Dataset records -

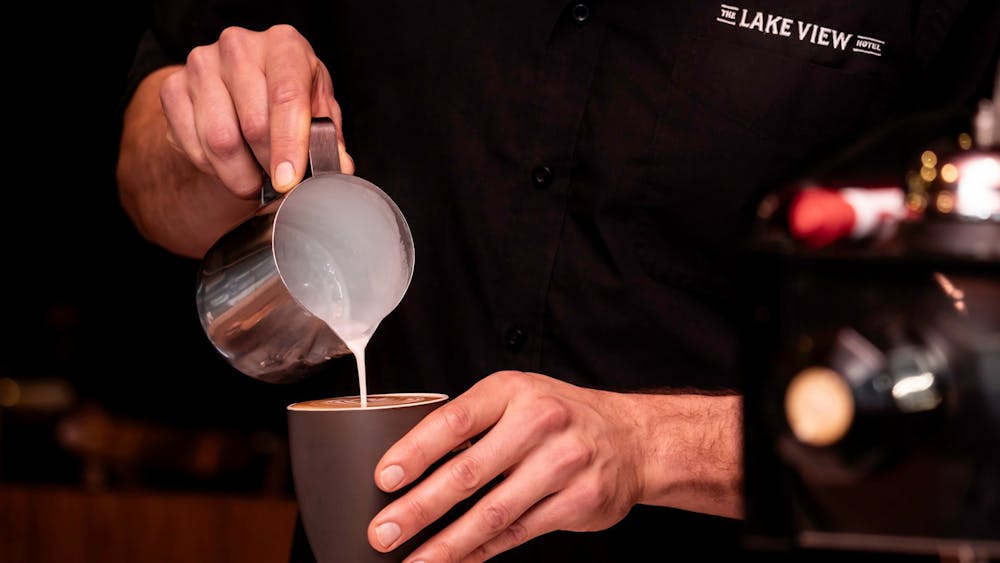 Barista pouring steamed milk into a freshly brewed coffee.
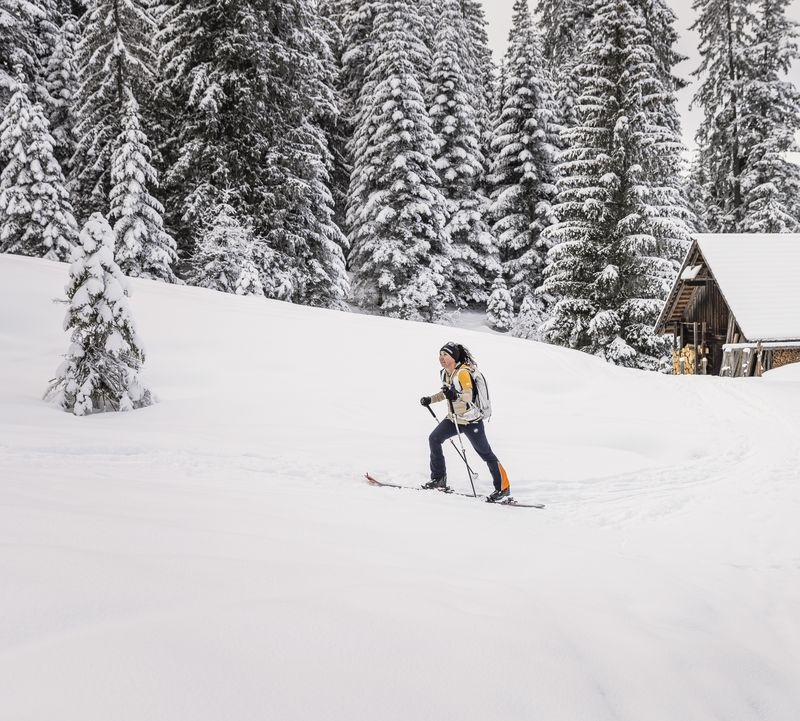 A person cross-country skiing on a snow-covered trail near wooden huts, surrounded by snow-covered trees.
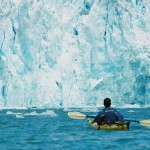 A student paddles by a glacier in the Alaskan rain forest.
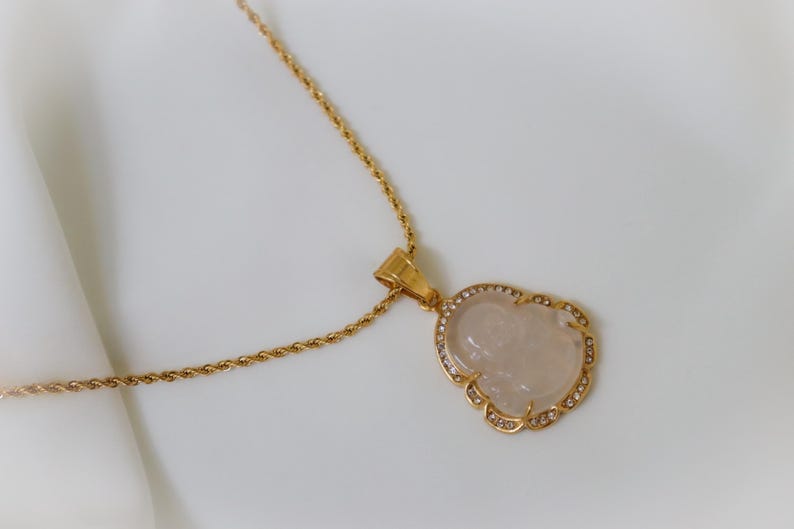 A gold necklace with a pendant featuring a carved stone or gemstone.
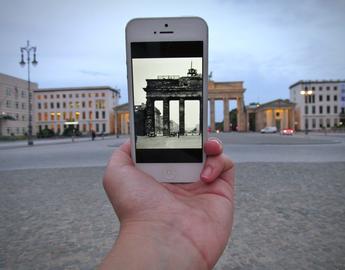 Image of student holding a picture on their phone of 1924 German architecture beside the same building in modern Berlin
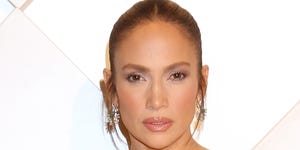 jennifer lopez poses in black strapless silk gown with her hair tied up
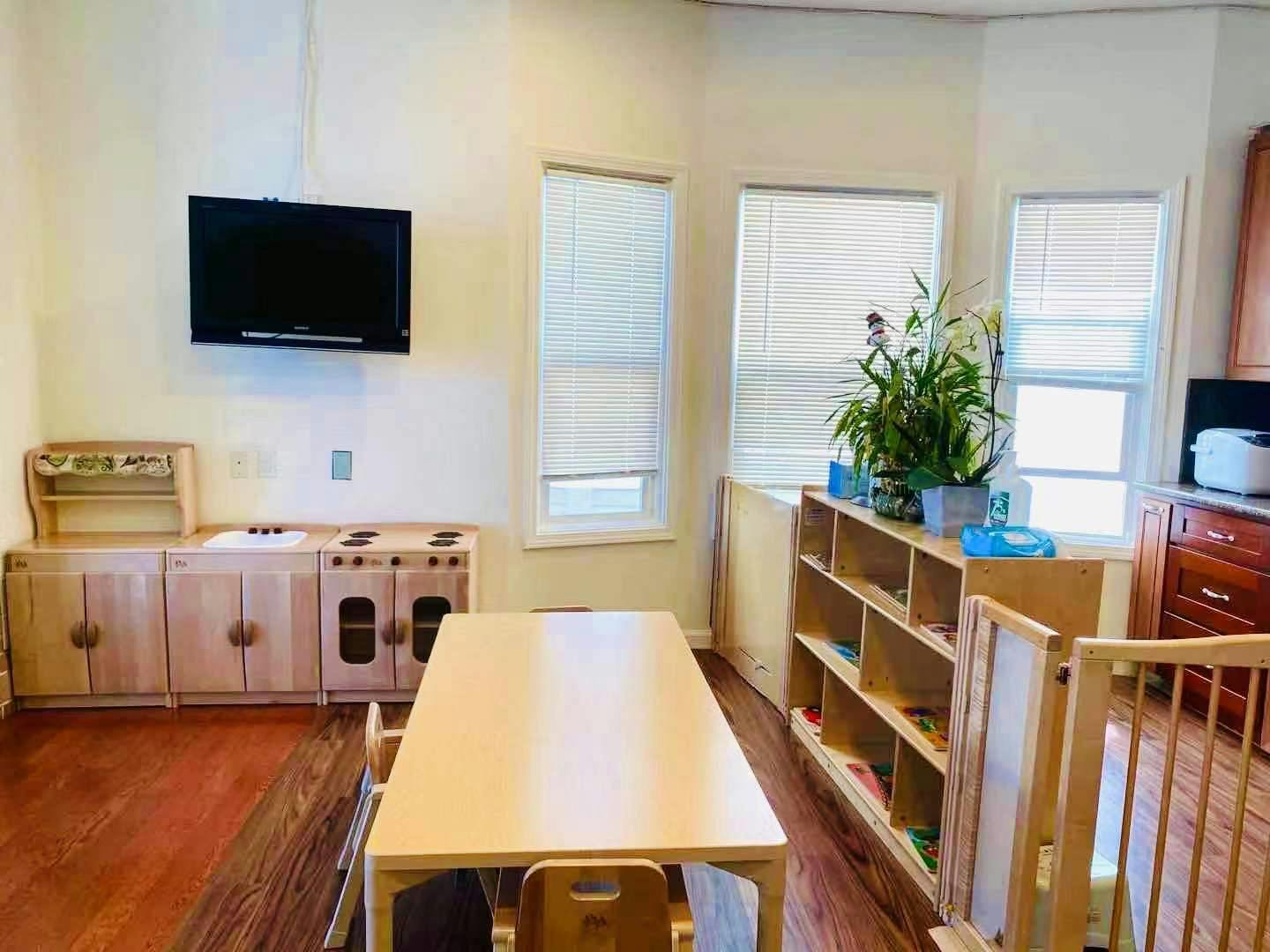 Classroom with a long table, chairs, shelves, and a play kitchen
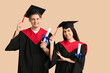 © Pixel-Shot - Happy graduate couple with diplomas on beige background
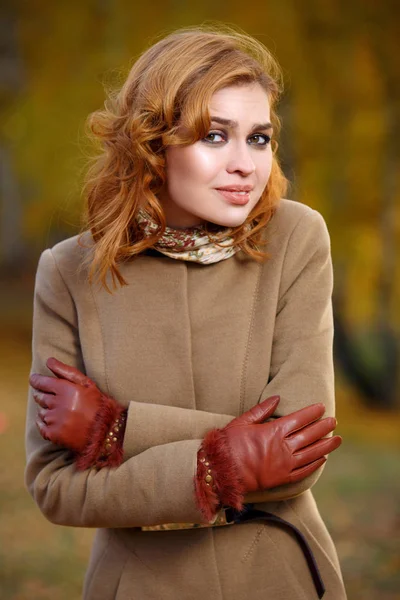 Stylische Frau in beigem Mantel und Handschuhen im herbstgelben Park. — Stockfoto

Task directions - Beginning at the line above that contains "A person cross-country" and going on through the line that contains "on beige background", please copy every line exactly, leaving the pictures out and adding nothing.

Exercise response -
 A person cross-country skiing on a snow-covered trail near wooden huts, surrounded by snow-covered trees.
 A student paddles by a glacier in the Alaskan rain forest.
 A gold necklace with a pendant featuring a carved stone or gemstone.
 Image of student holding a picture on their phone of 1924 German architecture beside the same building in modern Berlin
 jennifer lopez poses in black strapless silk gown with her hair tied up
 Classroom with a long table, chairs, shelves, and a play kitchen
 © Pixel-Shot - Happy graduate couple with diplomas on beige background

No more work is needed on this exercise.